Thus, it is apparent the motion judge concluded, based upon the documents presented, that plaintiff's claim lacked merit and, even if meritorious, had not been filed within a reasonable time. R. 4:85-1. While ultimately that may be the disposition of this matter, plaintiff should have been given an opportunity to resolve her motion for reconsideration of the order quashing the subpoena and then to file opposition to the summary judgment motion. If the trial judge believed plaintiff's complaint was time barred, then there was no reason to have granted the initial adjournment, ostensibly granted to permit plaintiff the opportunity to oppose the motion to quash. Having done so, it was certainly reasonable for plaintiff's counsel to have concluded that in light of the fact that he immediately moved for reconsideration of that order, the judge would grant a further adjournment of the summary judgment motion.

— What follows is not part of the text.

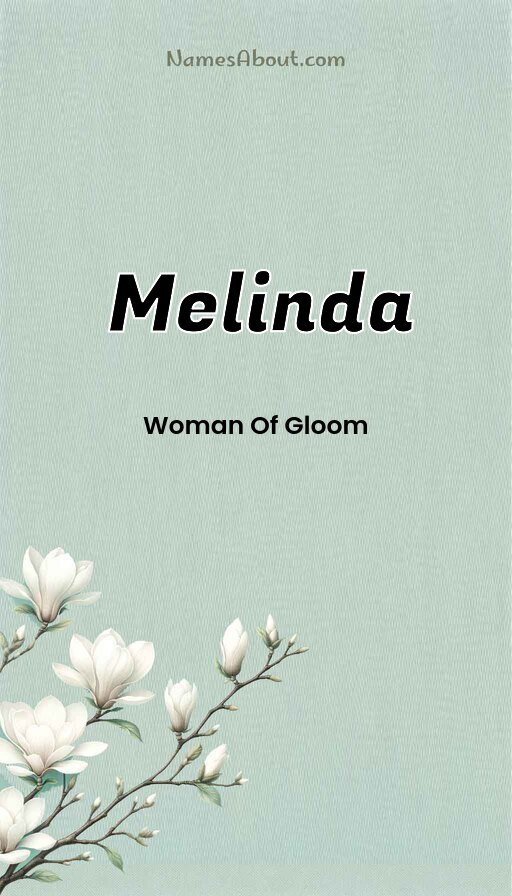 Meaning of Melinda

Part of the procedural breakdown in this case must be attributed to the fact that two different judges handled two related but separate motions. In granting the motion to quash the subpoena, one judge concluded that the case was in its early stages of discovery and therefore the deposition of Clemen was premature, while the other judge, in granting summary judgment without the benefit of any discovery, apparently concluded otherwise.

On remand, we believe the better case management of this matter is to have one judge assigned to dispose of both motions. R. 4:5B-1. This will facilitate the determination of whether, on the face of the complaint, plaintiff has failed to state a claim upon which relief may be granted or whether the summary judgment motion was prematurely filed. See R. 4:6-2; Wellington v. Estate of Wellington, 359 N.J. Super. 484, 496 (App. Div.), certif. denied, 177 N.J. 493 (2003); Apfel v. Budd, Larner, Gross, Rosenbaum, Greenberg & Sade, 324 N.J. Super. 133, 144 (App. Div.), certif. denied, 162 N.J. 485 (1999).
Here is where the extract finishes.